Saying One Thing, Selling Many

October 4, 2021

What do you do? It’s a simple question. Yet, the answer is often complex and may not be obvious. Many businesses do more than one thing. And the more you have to say, the more difficult it is to say it. A wide variety of products and services can easily lead brands to make the mistake of creating conflicting or disconnected messages. In fact, less than 10% of B2B brands have consistent messaging, according to a poll of B2B brands. While different products and services require different explanations, consistency in message, tone and voice, is critical to achieving marketing objectives. 

A wealth of historical data and research studies prove the value behind cohesive brands with singular messages:

  • 63% of employees consider a consistent branding experience to be the deciding factor on whether deals close.
  • 70% of marketers believe consistent branding should be the top priority for existing customer communications.
  • 87% of consumers say brands should place additional efforts into delivering consistent experiences.

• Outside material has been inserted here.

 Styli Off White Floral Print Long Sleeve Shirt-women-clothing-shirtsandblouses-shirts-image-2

People trust those they know.

The reason behind these statistics is deeper than the fact that simplicity sells. The proven approach is rooted in consumer psychology principles. When multiple services are connected to one another through shared themes, it increases brand memorability. That brand awareness drives credibility in the minds of prospective customers and clients. Individuals and organizations alike are more likely to buy from established brands than lesser-known entities.

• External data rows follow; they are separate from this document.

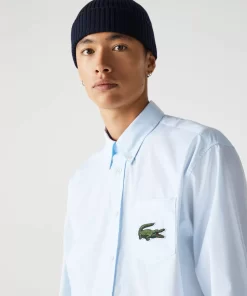 Lacoste Hemden & Tops>Unisex Baumwoll-Hemd Mit Grosem Krokodil Blau Gn2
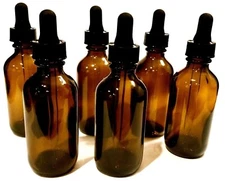 2oz Amber Glass Bottles for Essential Oils with Glass Eye Dropper - Pack of 14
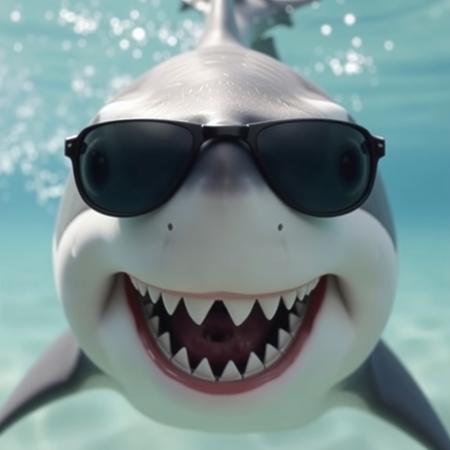 a shark dog, normal shark, cute, scene from a comedy movie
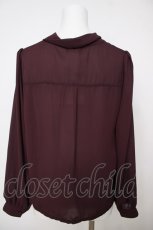 画像2: axes femme / 刺繍入りボータイブラウス M ワイン Y-26-07-24-034-AX-BL-SZ-ZY (2)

One service sells another, and the connections between your services differentiate them from competitors. People remember what you repeat, and customers trust what they know. Recognition leads to new customer acquisition as well as existing customer retention and increases overall revenue.

Organizations change. Foundations don’t.

Crafting the proper message for a host of brand niches is a delicate balance between the need for consistency in tone and difference in specifics. The details need to change when the unique functions of products and services differ, but a brand’s foundation — the purpose behind the organization, the values in which the organization believes, and the brand’s story — should remain the same.

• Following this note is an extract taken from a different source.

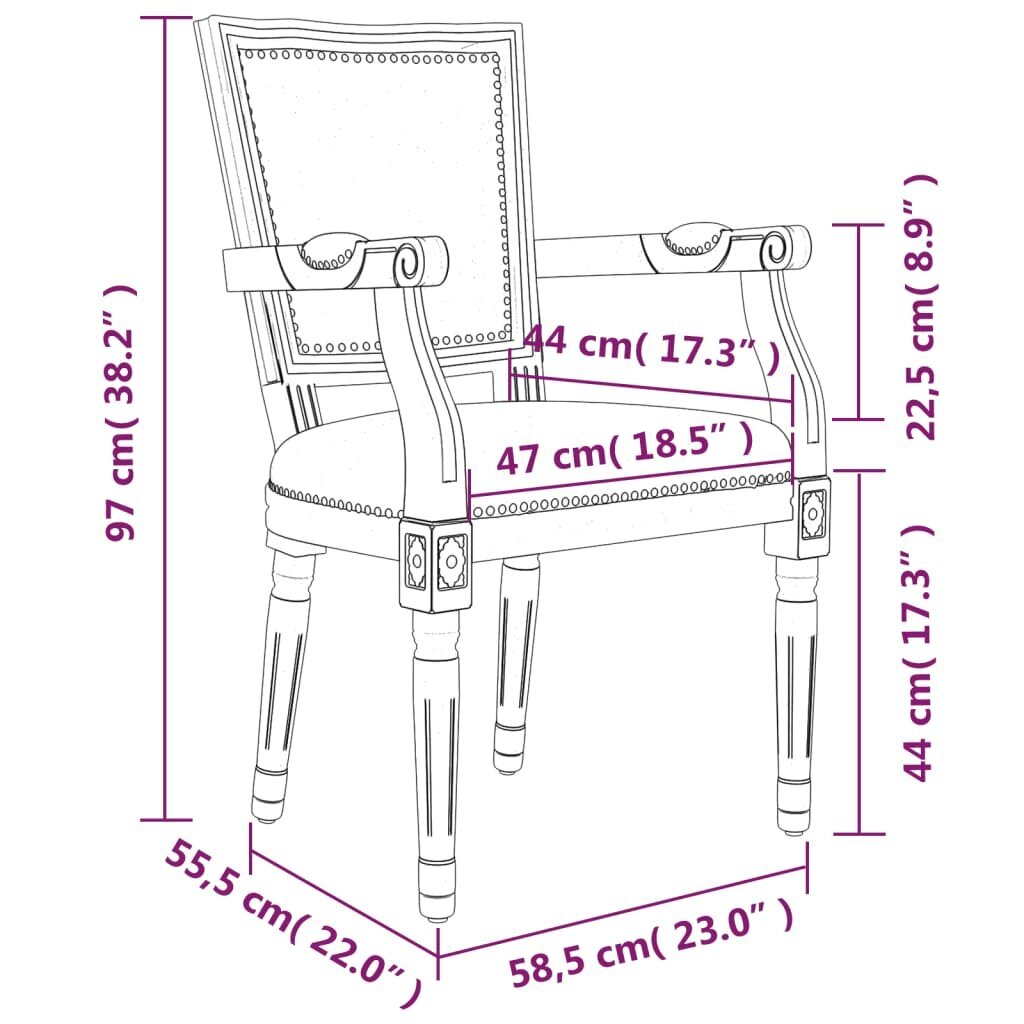 Valgomojo kėdė vidaXL, tamsiai pilka kaina ir informacija | Virtuvės ir valgomojo kėdės | pigu.lt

Each of a brand’s many products or services should be:

  • Connected to a higher organization purpose to which each product or service contributes
  • Aligned with the shared values in which the organization’s leadership, teams, and consumer base believes
  • Described through common themes and frameworks which are shared across by the brand’s story and across all brand communications 

Mission statements, taglines, and brand messages highlight these connections to bring different offerings together and create cohesive brands.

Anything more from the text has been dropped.